Fische nutzen chemische Stoffe in verschiedenen Situationen, um Informationen zu erhalten, auszutauschen oder auszusenden. Diese Stoffe werden direkt in Wasser abgegeben. Wenn nun im Aquarium ein Wasserwechsel gemacht wird, hat dies einen Einfluss auf die soziale Organisation bei Skalaren (Gauy et al 2017).

Regelmässiges Wasserwechseln gehört zum ABC der Aquaristik. Weil Fische in sehr engem Kontakt mit dem Wasser stehen, ist es sehr wichtig für das Wohlbefinden und die Gesundheit der Fische, eine gute Wasserqualität zu erhalten. Das Futter und die Ausscheidungen der Fische gelangen direkt ins Wasser. Werden diese Stoffe durch das regelmässige Wechseln des Wassers nicht entfernt, sammeln sie sich stetig an. Verunreinigtes Wasser ist eine häufige Ursache dafür, dass Fische krank werden oder gar sterben.

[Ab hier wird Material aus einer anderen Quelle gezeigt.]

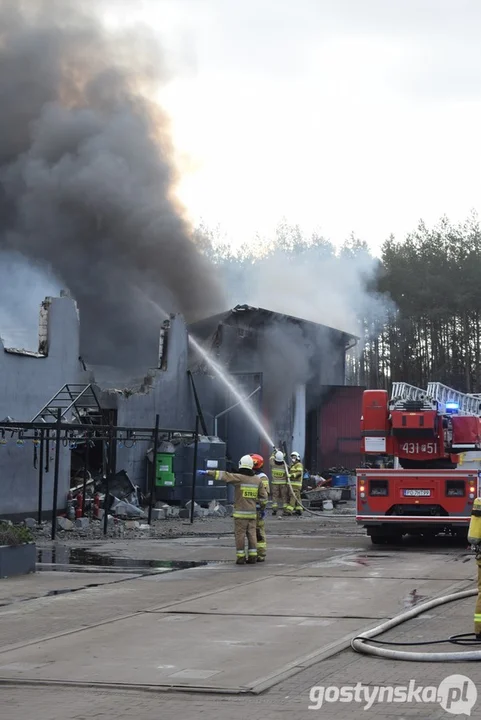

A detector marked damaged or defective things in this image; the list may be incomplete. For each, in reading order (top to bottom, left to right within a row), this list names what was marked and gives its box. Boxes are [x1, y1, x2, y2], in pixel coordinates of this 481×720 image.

damaged wall [0, 296, 82, 520]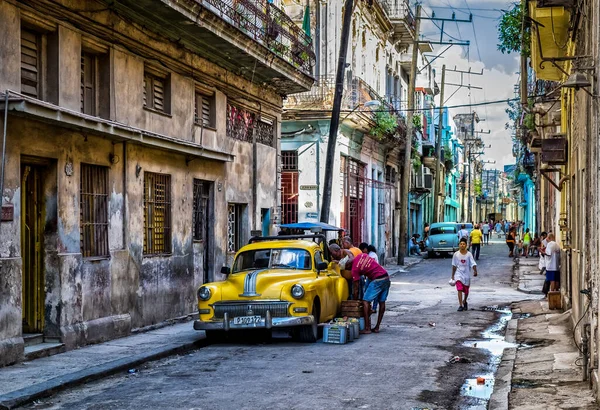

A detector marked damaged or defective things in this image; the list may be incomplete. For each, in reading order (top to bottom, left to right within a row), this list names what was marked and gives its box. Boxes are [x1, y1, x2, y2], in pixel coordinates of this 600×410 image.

rusty balcony railing [200, 0, 316, 75]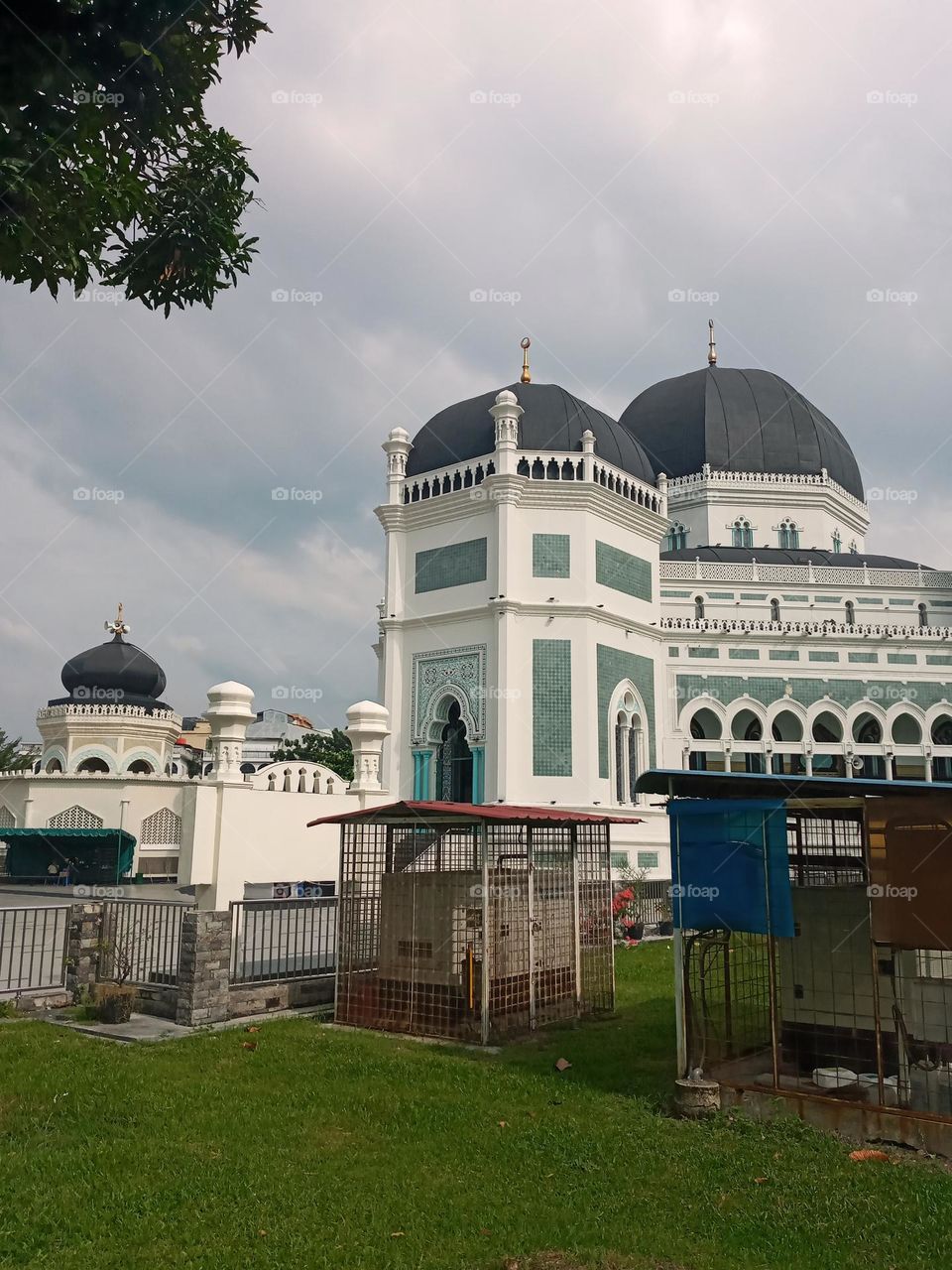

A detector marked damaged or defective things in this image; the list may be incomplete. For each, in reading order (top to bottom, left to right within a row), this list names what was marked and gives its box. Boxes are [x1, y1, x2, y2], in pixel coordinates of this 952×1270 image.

rusty metal cage [327, 802, 615, 1040]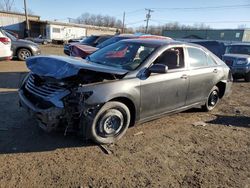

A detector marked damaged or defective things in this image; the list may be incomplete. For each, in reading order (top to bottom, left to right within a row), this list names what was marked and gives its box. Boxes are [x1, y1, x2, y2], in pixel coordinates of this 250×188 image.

crushed hood [26, 55, 128, 79]
damaged silver sedan [19, 39, 232, 143]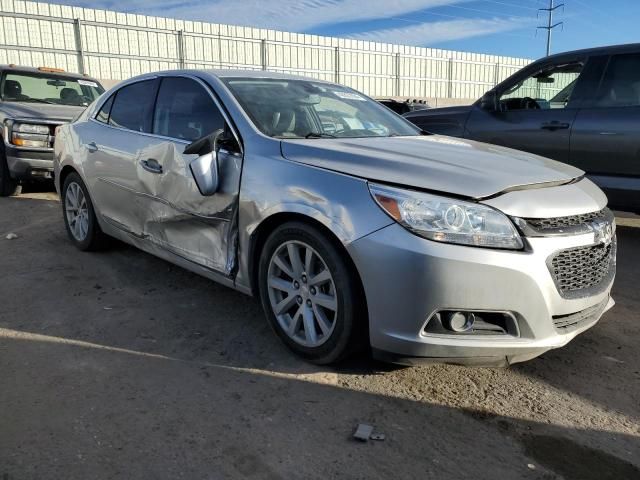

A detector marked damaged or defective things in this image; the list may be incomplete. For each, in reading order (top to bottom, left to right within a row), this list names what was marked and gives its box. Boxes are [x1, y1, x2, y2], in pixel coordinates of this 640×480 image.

Kommunizieren mittels Chemie

Doch das Wasser enthält auch viele Stoffe, welche die Fische für die Kommunikation nutzen. Das Austauschen von Informationen mittels chemischer Signale hat bei Fischen einen sehr hohen Stellenwert. Fische können so Fortpflanzungspartner  auswählen, sich gegenseitig erkennen, vor Feinden warnen oder die soziale Rangordnung klären. Diese Stoffe werden über den Urin und die Galle ins Wasser abgegeben. Wechselt man nun das Wasser, entfernt man eben auch diese Botenstoffe und stört somit das chemische Kommunikationssystem der Fische.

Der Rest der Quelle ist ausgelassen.